Is it true there was once a women’s basketball team at Johnson & Johnson?

A:

Margaret Gurowitz, Chief Historian: There’s a long history of employee sports teams at Johnson & Johnson, beginning with a men’s baseball team in 1895. The first women’s basketball team was formed in 1907 by members of the Laurel Club, which was founded the same year.

The 1946-47 Johnson & Johnson women’s basketball team

The 1946-47 team

Photo courtesy of Johnson & Johnson Archives

The Laurel Club gave women at Johnson & Johnson the opportunity to do volunteer work in New Brunswick, New Jersey, site of the company’s headquarters to this day. The club, which pioneered the idea of encouraging company employees to exercise at work, had facilities on the Johnson & Johnson campus, including a basketball court.

We don’t know how long that first team lasted, but we do know that employees formed another basketball team in the 1940s, made up of women from various departments and operating units across the company, including Ethicon, central engineering and order services.

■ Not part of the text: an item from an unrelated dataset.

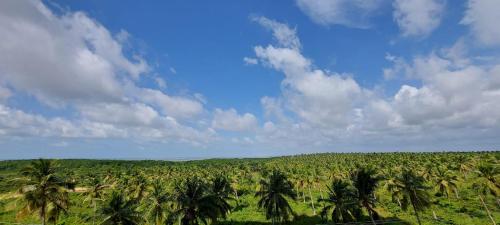 um campo de palmeiras sob um céu nublado em Salinas Exclusive Resort 2 Quartos em Salinópolis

It competed against other operating units within Johnson & Johnson, as well as other local companies as part of the New Brunswick Industrial League—an intramural sports league sponsored by the New Brunswick Recreation Department in partnership with local industries.

The Johnson & Johnson women’s basketball teams proved to be quite successful—they became the champions of the Industrial League in 1947 and 1955.

Members of the 1955 Johnson & Johnson women’s basketball team playing in a game

Members of the 1955 team in action

Photo courtesy of Johnson & Johnson Archives

The Johnson & Johnson women’s basketball teams proved to be quite successful—they became the champions of the Industrial League in 1947 and 1955.

Women played basketball at Johnson & Johnson into the early 1960s. By the 1970s, they’d begun gravitating more to softball and other sports. Today employees carry on the tradition of exercising at work begun more than 100 years ago: Johnson & Johnson has employee ice hockey, rugby, dragon boat and volleyball teams, among others, at sites around the world.